* _What to work on_:
Repeat each record below exactly, dropping the pictures.

* _Records supplied_:
========================

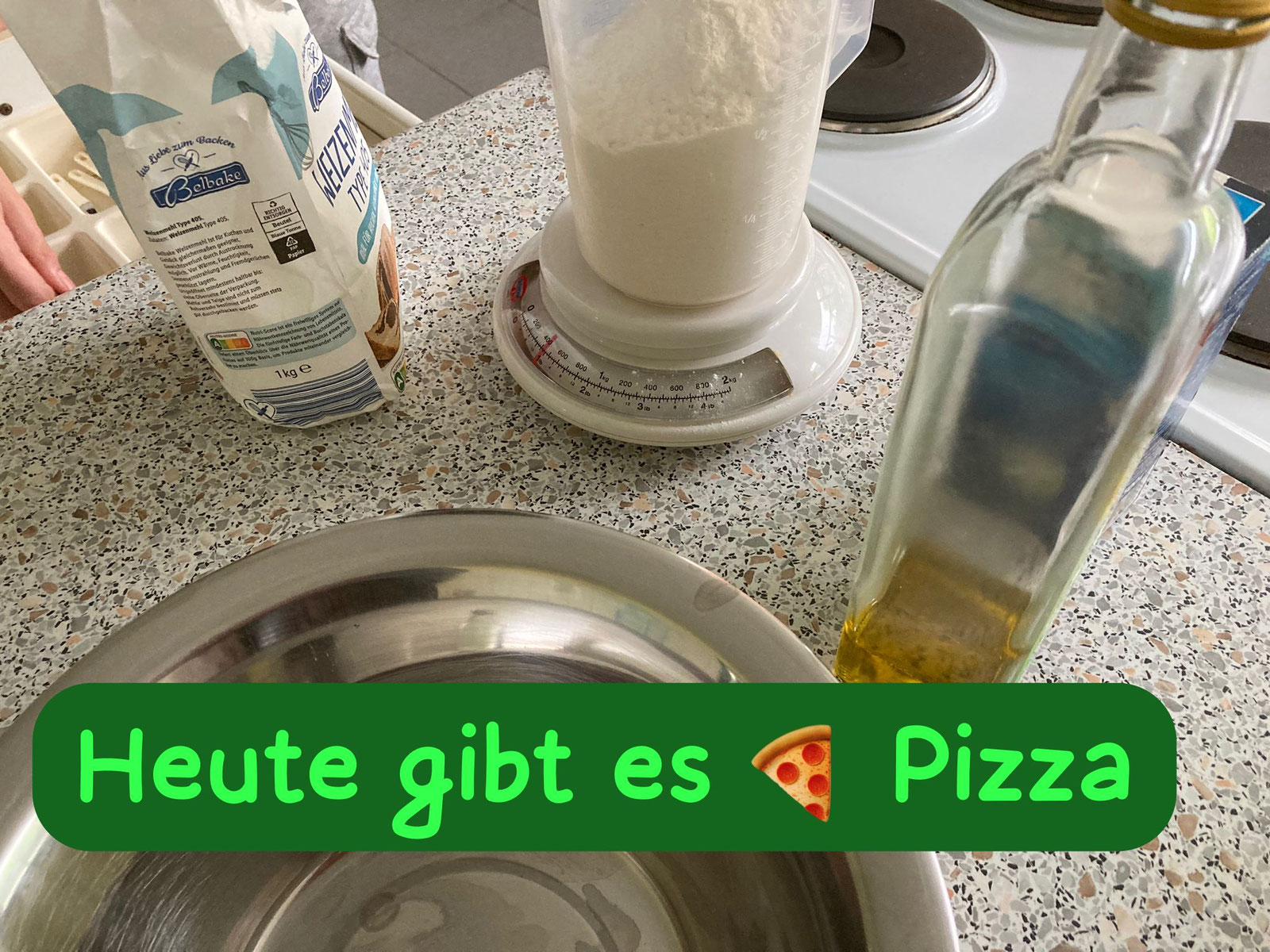 Mehl, Messbecher auf der Küchenwaage, Öl und eine Schüssel auf der Arbeitsfläche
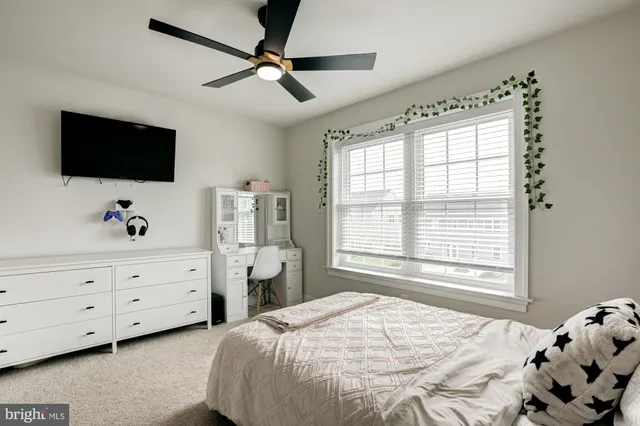 a spacious bedroom with a bed and a chandelier
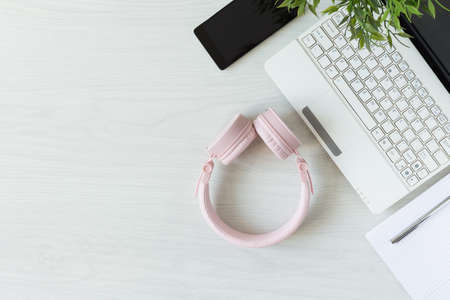 Table with laptop, headphone and notebook top view. Working or studying desk. E-learning education.の写真素材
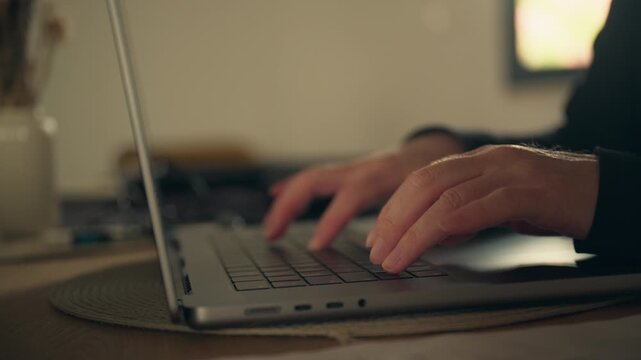 Female hands working on laptop computer at desk, modern remote work and productivity concept in warm light, 4K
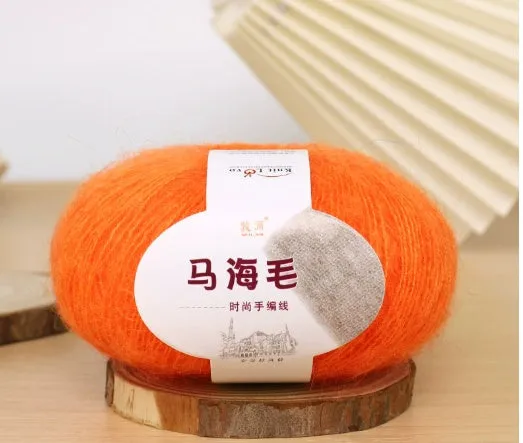 DIY mohair scarf knitting kit showing a ball of wool with 34 colour options including white, grey, pink, and blue.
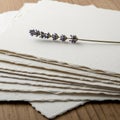 Stack of textured, cream-colored handmade paper on a wooden surface, with a sprig o Royalty Free Stock Photo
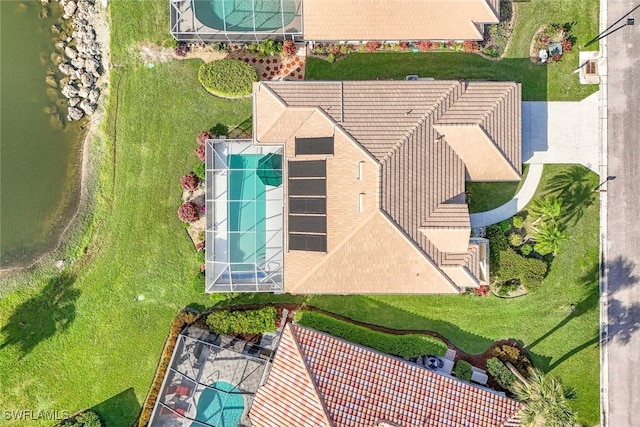 drone / aerial view with a water view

========================

* _Answer section_:
 Mehl, Messbecher auf der Küchenwaage, Öl und eine Schüssel auf der Arbeitsfläche
 a spacious bedroom with a bed and a chandelier
 Table with laptop, headphone and notebook top view. Working or studying desk. E-learning education.の写真素材
 Female hands working on laptop computer at desk, modern remote work and productivity concept in warm light, 4K
 DIY mohair scarf knitting kit showing a ball of wool with 34 colour options including white, grey, pink, and blue.
 Stack of textured, cream-colored handmade paper on a wooden surface, with a sprig o Royalty Free Stock Photo
 drone / aerial view with a water view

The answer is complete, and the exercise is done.